I mean, given that GMs or other strong players (I choose strong players because their peak rating vs low has "more data" than that of weaker players but it probably relates to weaker players also) decline in strength, can anything about that decline be predicted by their ascension?
For example, would the rate of Elo decline have anything to do with rate of the increase? (assuming no rating floor as with USCF ratings)
Or would the computer measurement of accuracy decline as it had increased?
I suspect there is no such simple relationship -- it is not symmetrical. But I wonder if neuroscientists or cognitive psychologists could use chess as a way of predicting general cognitive decline or even helping mitigate it -- maybe show individuals what to expect and ways to compensate for it by preparing for it with specific exercises.
I am by the way guessing increase is much sharper curve than decrease -- perhaps even the sharper the increase (indicating more native talent or whatever) the smoother and slower the decline.
I think chess and probably other skill games where computers display far-above-human ability are uniquely suited for getting a general picture of cognitive ability whereas IQ tests can simply be taken so many times that they become useless for genuine assessment.
However, other types of objective mental tests like short-term memory and reaction time would be interesting to juxtapose with this kind of chess testing.
Edit: It does not have to be a positive correlation; it could be the faster the ascension the slower the decline. I recall reading the earlier one took up chess the longer skills were retained which sounds reasonable. Reshevsky played good chess well into his 70s and he of course was a famous prodigy. Capablanca also was one but he died relatively young. Morphy same situation. Karpov learned from just watching at also a young age (I think learning without being taught the moves as a toddler is always a good sign and all these guys did it while the rest of us don't have a firm grasp on en passant even after it is explained) and remains a grandmaster-strength player.
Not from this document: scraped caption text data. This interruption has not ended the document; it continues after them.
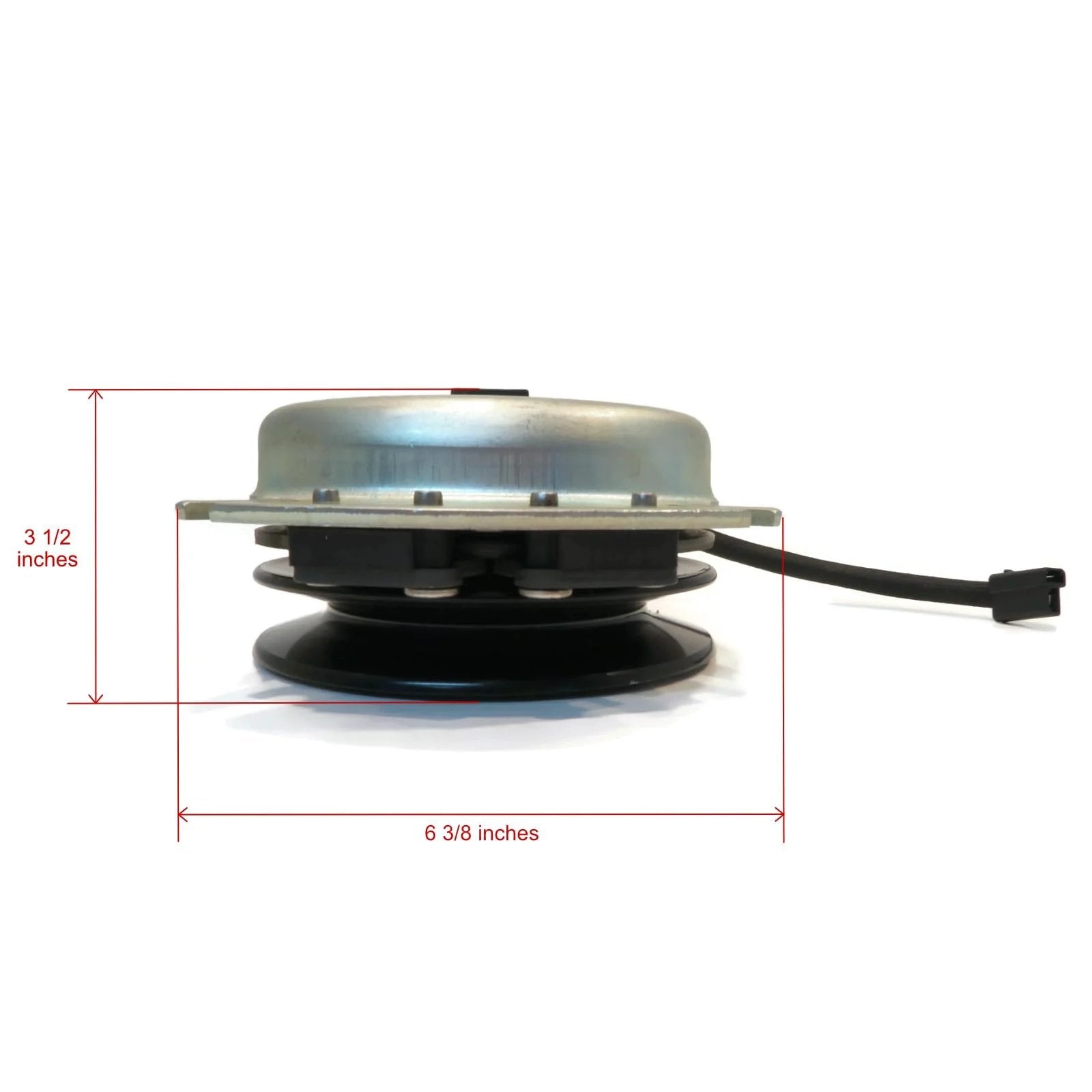 Side view of Electric PTO Clutch for Husqvarna 532145028, 532160889, 532167162, 539120756 with labeled dimensions.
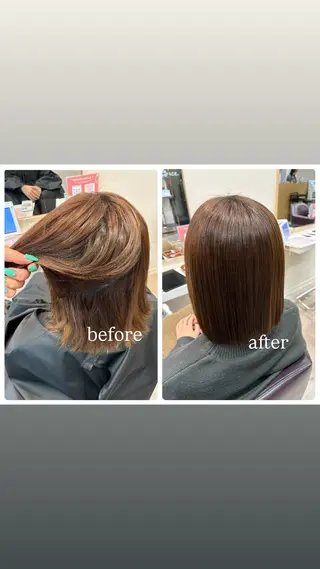 ミディアム 縮毛矯正/アレンジ FACE。ゆのんのヘアスタイル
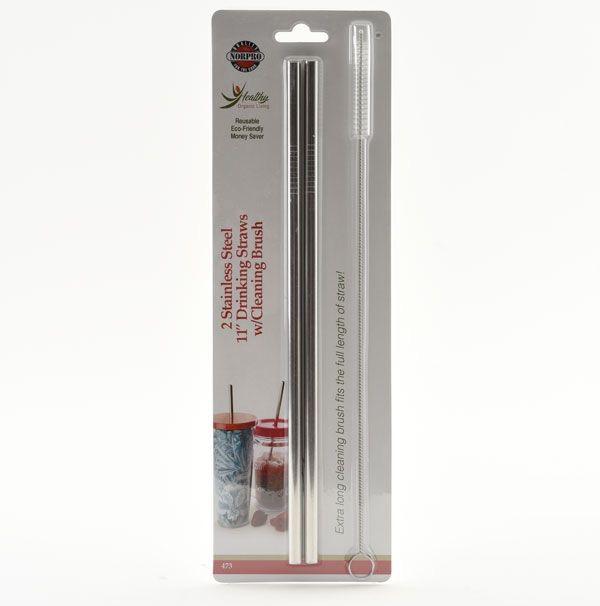 Metal Stainless Steel Drinking Straws with Brush - 2 pack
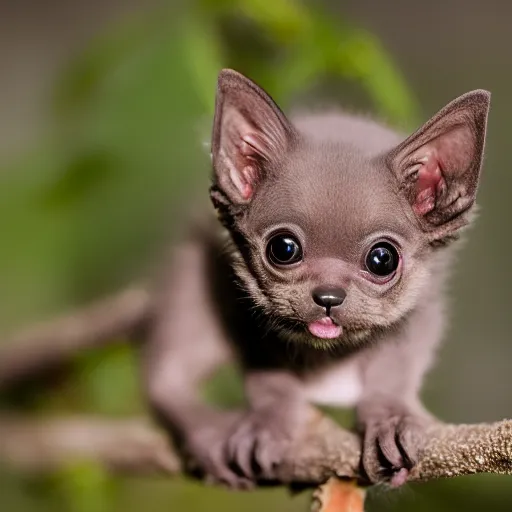 Prompt: a bat kitten, in the wild, Canon EOS R3, telephoto, very detailed, 4k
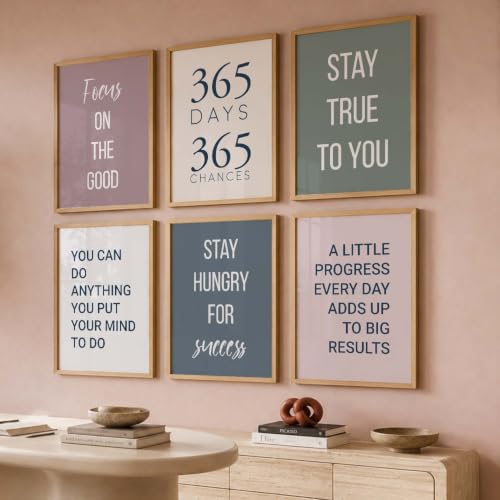 Image of kotart Motivational Quote wall Paintings with Frame for Home Decoration - Painting Living Room Bedroom Office hanging frames Set of 6 Multicolo (14X20 Inch, H)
EDIT: I meant to ask mainly about the way the brain works as it ages and whether chess can help predict how the brain will work in other areas. This is not meant to be a question about why people get into chess or why they leave it. It is about players who continue to play for potentially years beyond their peak and what happens to the rating of an active player as measured by computer as well as ELO -- when a player starts losing ELO, what aspects of his game suffer, what remain stable and maybe even improve as they age and how rating increase patterns might predict decline. Note that even if a sharp increase tends to be followed by a slow decline, this is a kind of relationship between the two patterns: I do not think a sharp increase growing up predicts and equally sharp decline, quite the opposite. In languages, the earlier the language is learned the better it is retained and I think that I read chess works the same way: former child prodigies play better chess in old age than players who started in their teens, even if at some point both the former prodigy and the "late bloomer" were equals: I think the latter will find that he starts to lose understanding of concepts that are intuitive to the ex-prodigy. And if it does not work that way, that is really interesting although profoundly unlikely that somehow starting late somehow is better for chess long-term -- I suspect zero evidence for that although each player is his own special case.
Here is a story that is tangentially related. An aged physicist had stopped being able to communicate but when another physicist visited her, instead of talking in English to her (which was her adopted second language) he spoke to her in her first language, German and she was able to converse well. One might have thought, Well, she learned and spoke English more recently, so this should be her best current language, but not so at all. This is also like an old person saying, I can't remember what I had for lunch but I recall my childhood like it was yesterday.
So again, learning chess at 3 or 4 is probably a huge advantage. We note also that the best Polgar sister was the youngest and I can think of other cases where the younger of two siblings far outstrips the older in chess. Or fathers who make master but their sons make GM. It is having the advantage that the father did not have, a master player to learn from.
I also have noticed in the case of siblings that the older sibling finds the difference in strength to be a very touchy subject.